◆ WHAT IS EXPECTED
Please repeat nothing except the lines from the one containing "Tommy Hilfiger Asher" through the end of the records, exactly and without pictures.
········
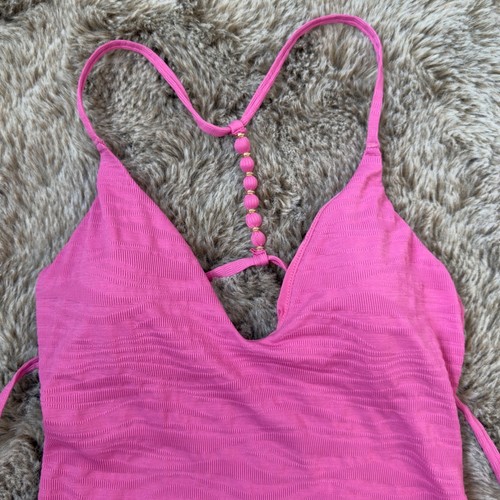 Pink One Piece Swimsuit With Open Back and Beaded Straps - Picture 6 of 11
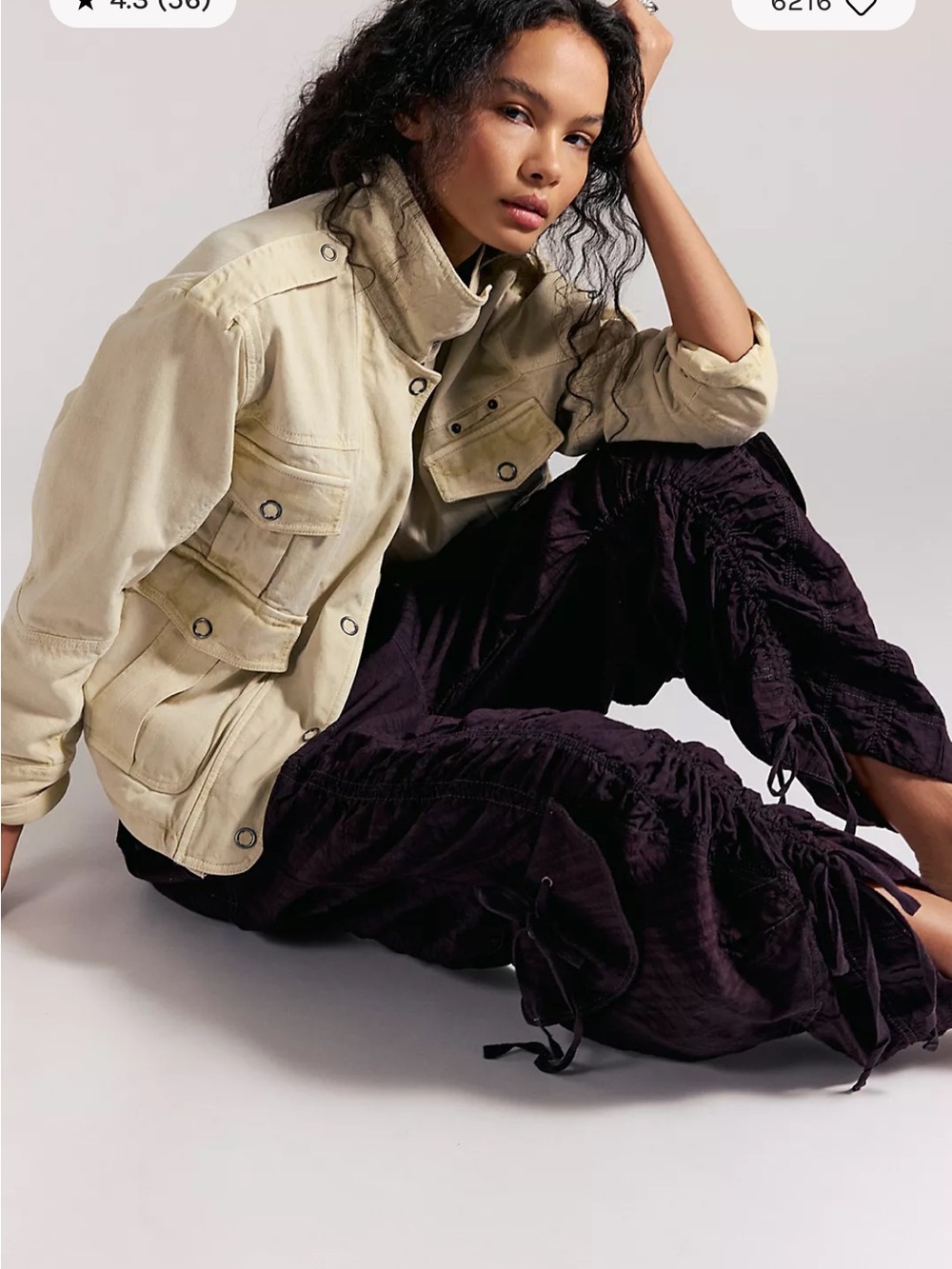 Free People Scorpio Shirred Cargo Pants XS NWT Black Coffee Brown We The Free - Picture 5 of 13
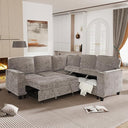 L-Shaped Sectional Sleeper Sofa with Pull-Out Bed & Storage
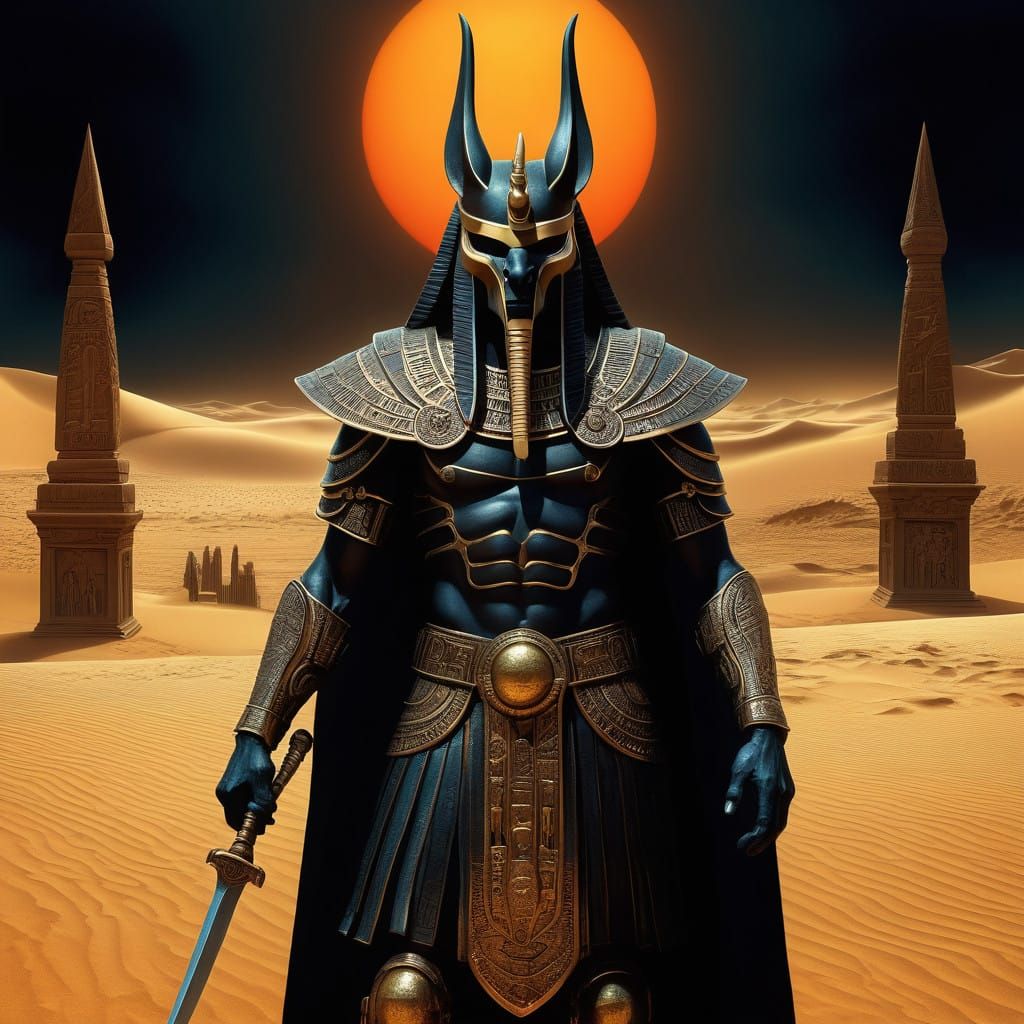 Ancient Egyptian God Anubis Wields Dual Death Blades in Gold...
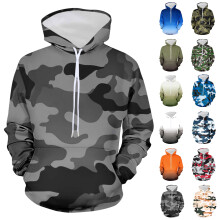 Sweat à capuche camouflage pour homme, coupe ample, long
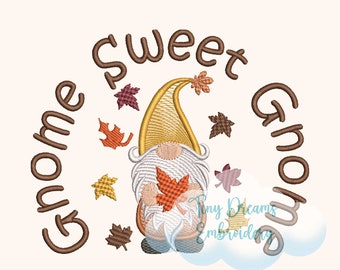 Fall Gnome Digital Machine Embroidery Design Home Sweet Home Design Embroidery Autumn Leaves Embroidery Design Fall Leaf Gnome Embroidery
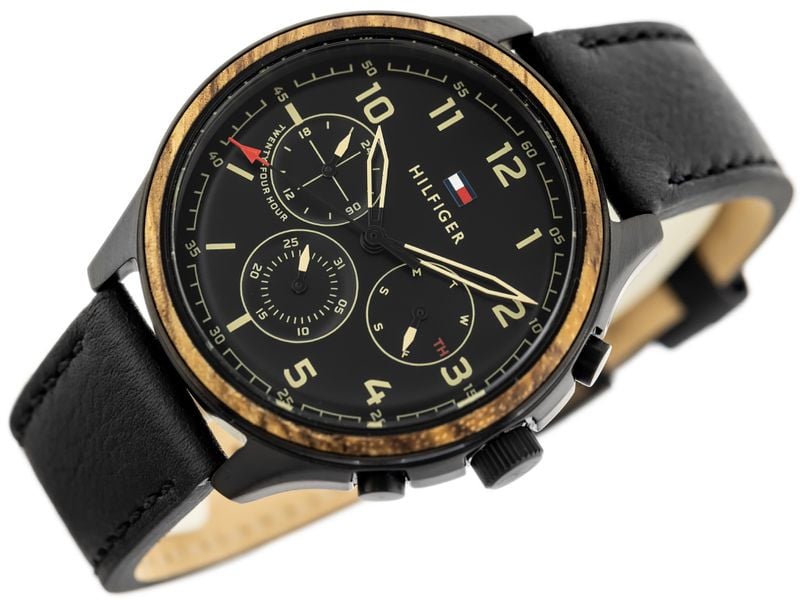 Tommy Hilfiger Asher Chronograph Black Dial Black Leather Strap Watch For Men - 1791854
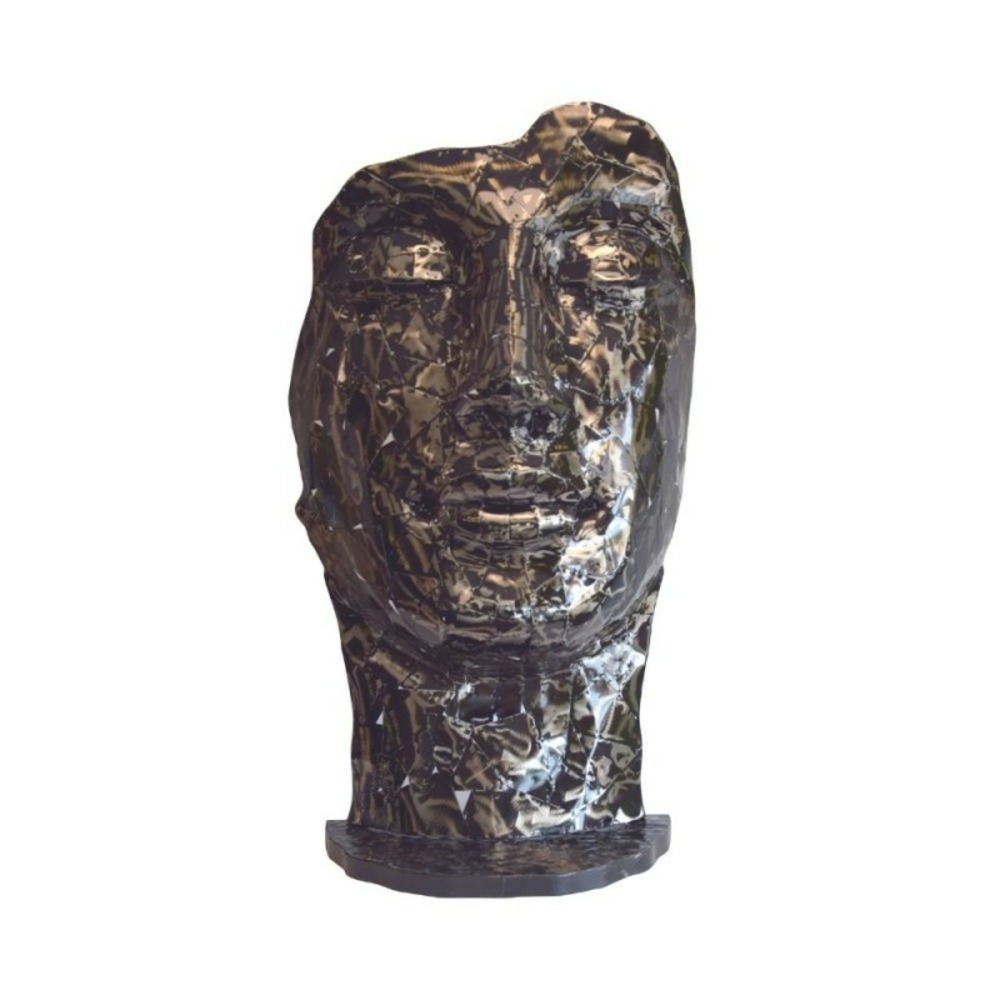 Statue visage métal mosaïque 108 cm - gris anthracite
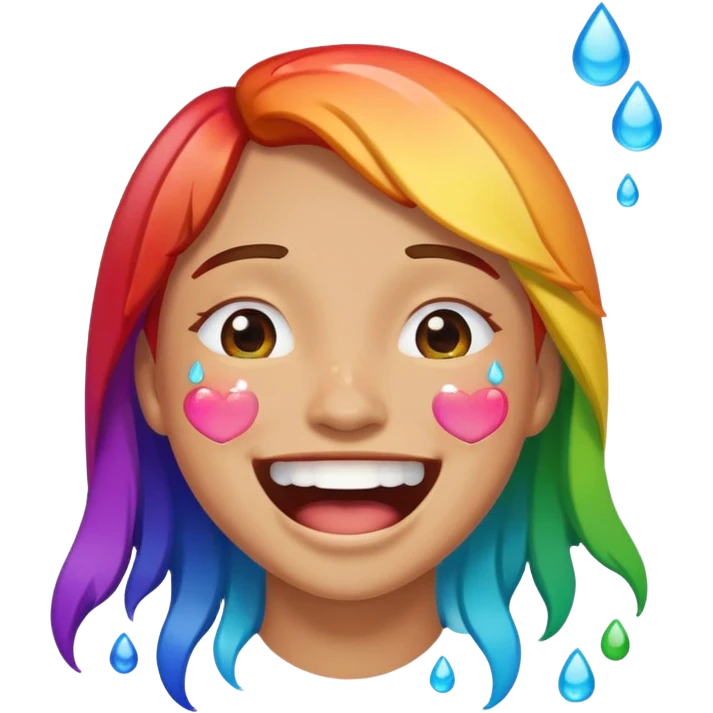 Laughing rainbow tears emoji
········
◆ YOUR RESPONSE
 Tommy Hilfiger Asher Chronograph Black Dial Black Leather Strap Watch For Men - 1791854
 Statue visage métal mosaïque 108 cm - gris anthracite
 Laughing rainbow tears emoji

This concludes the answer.